--- Data for analysis ---

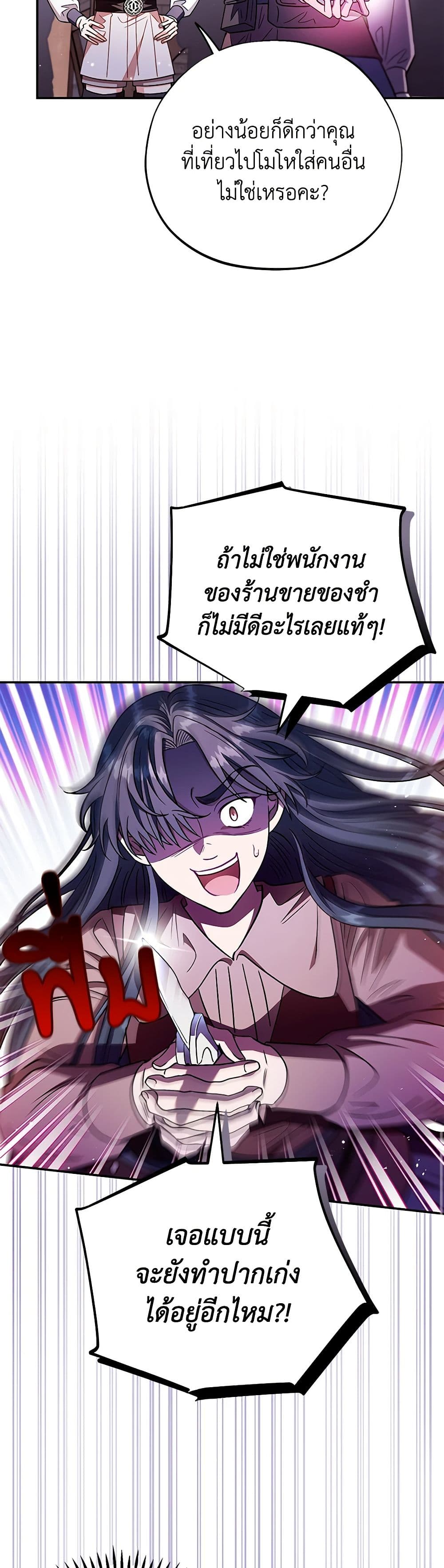 I Will Become the Villain's Poison Taster page 48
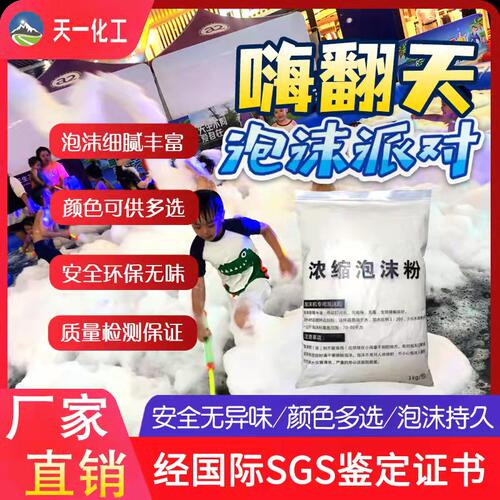 泡沫机专用高浓缩泡沫粉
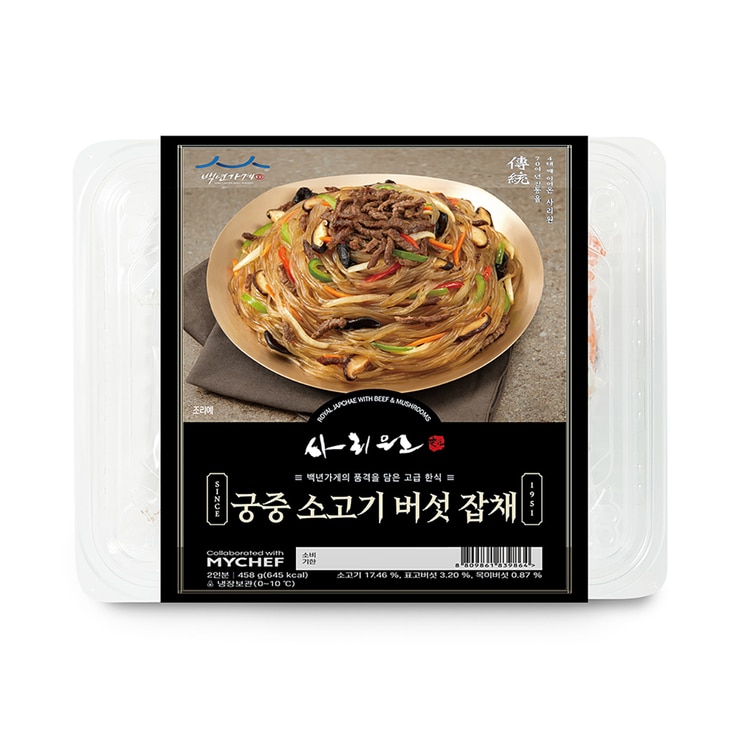 사리원궁중소고기버섯잡채458g x 2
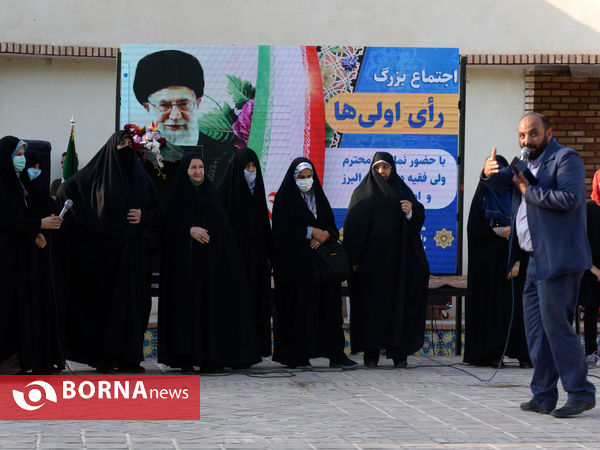 اجتماع بزرگ رای اولی های کرج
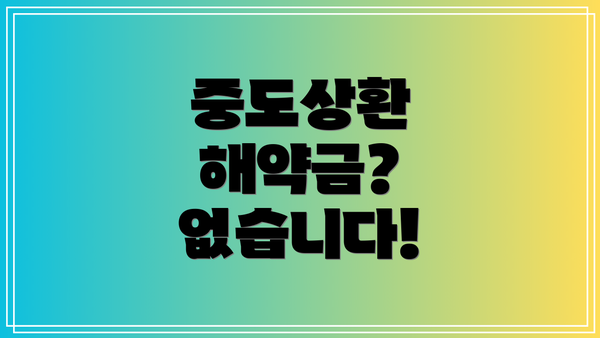 중도상환 해약금?  없습니다!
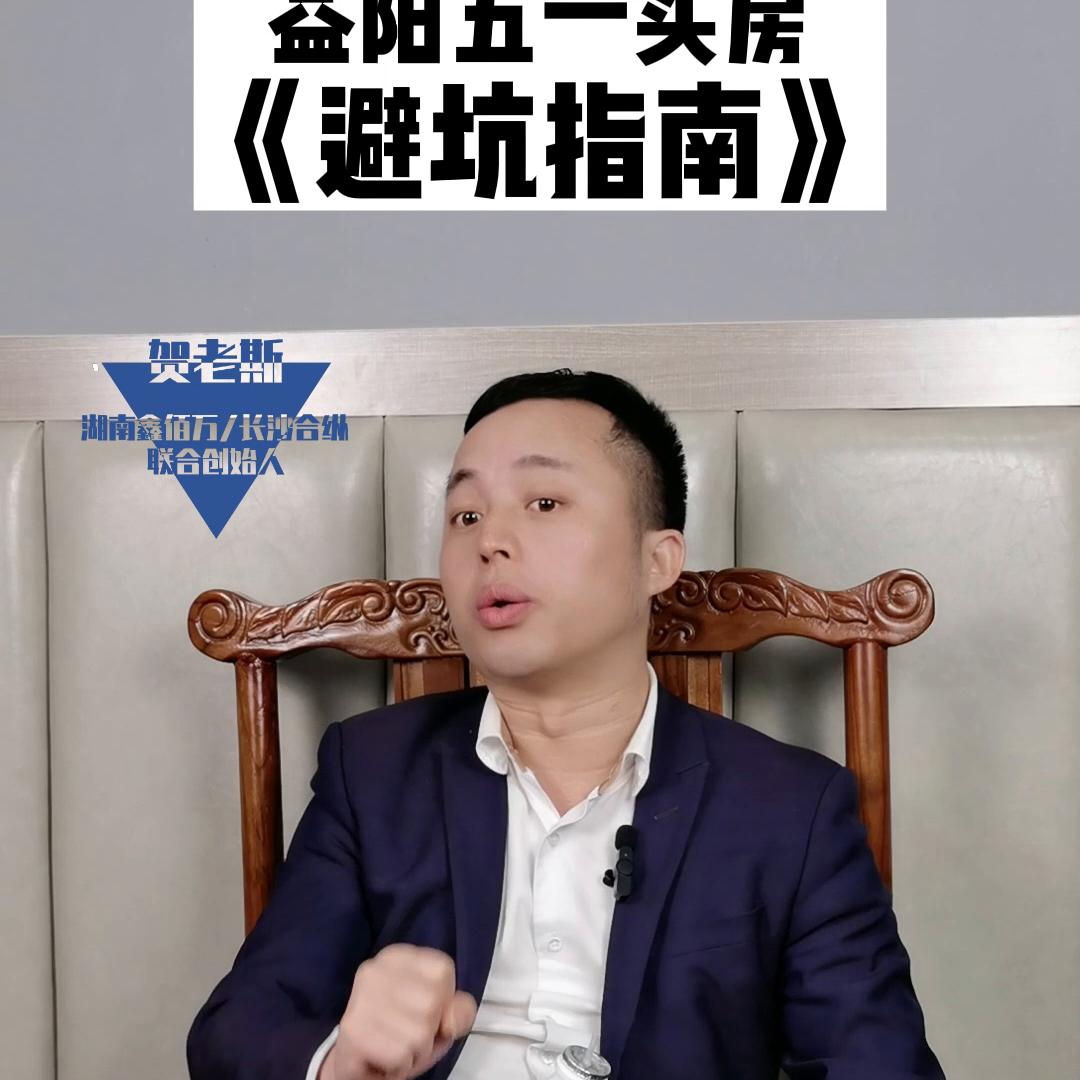 有必要在益阳买房吗,现在益阳买房有什么优惠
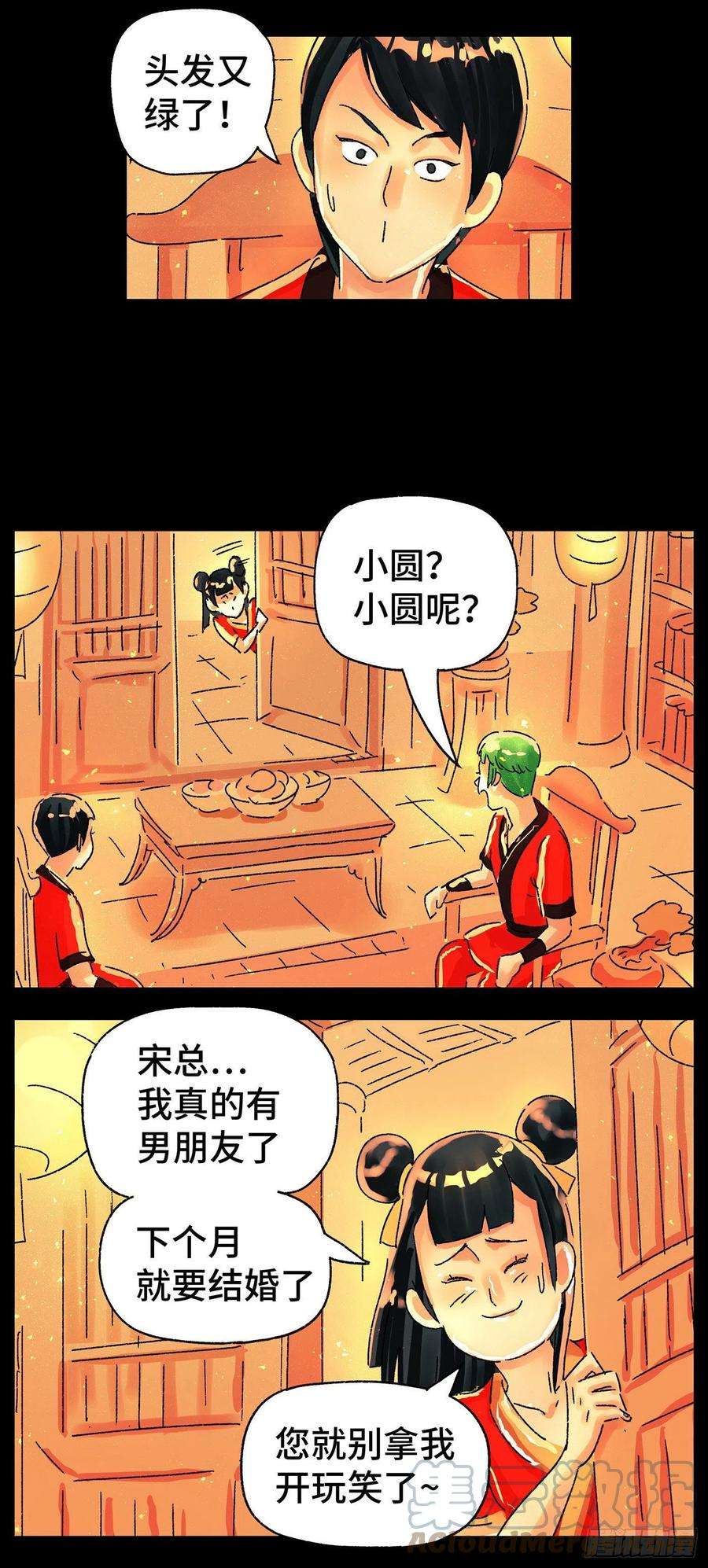 恶偶 (天才玩偶)五百七十二话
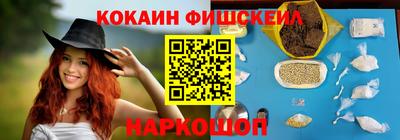 сатива Северобайкальск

---

▶ _Assignment_
A word-for-word copy is required of the lines above from the line with "اجتماع بزرگ رای اولی های کرج" through the last line of the data; no other lines and no pictures belong in it.

▶ _Answer box_
 اجتماع بزرگ رای اولی های کرج
 중도상환 해약금?  없습니다!
 有必要在益阳买房吗,现在益阳买房有什么优惠
 恶偶 (天才玩偶)五百七十二话
 сатива Северобайкальск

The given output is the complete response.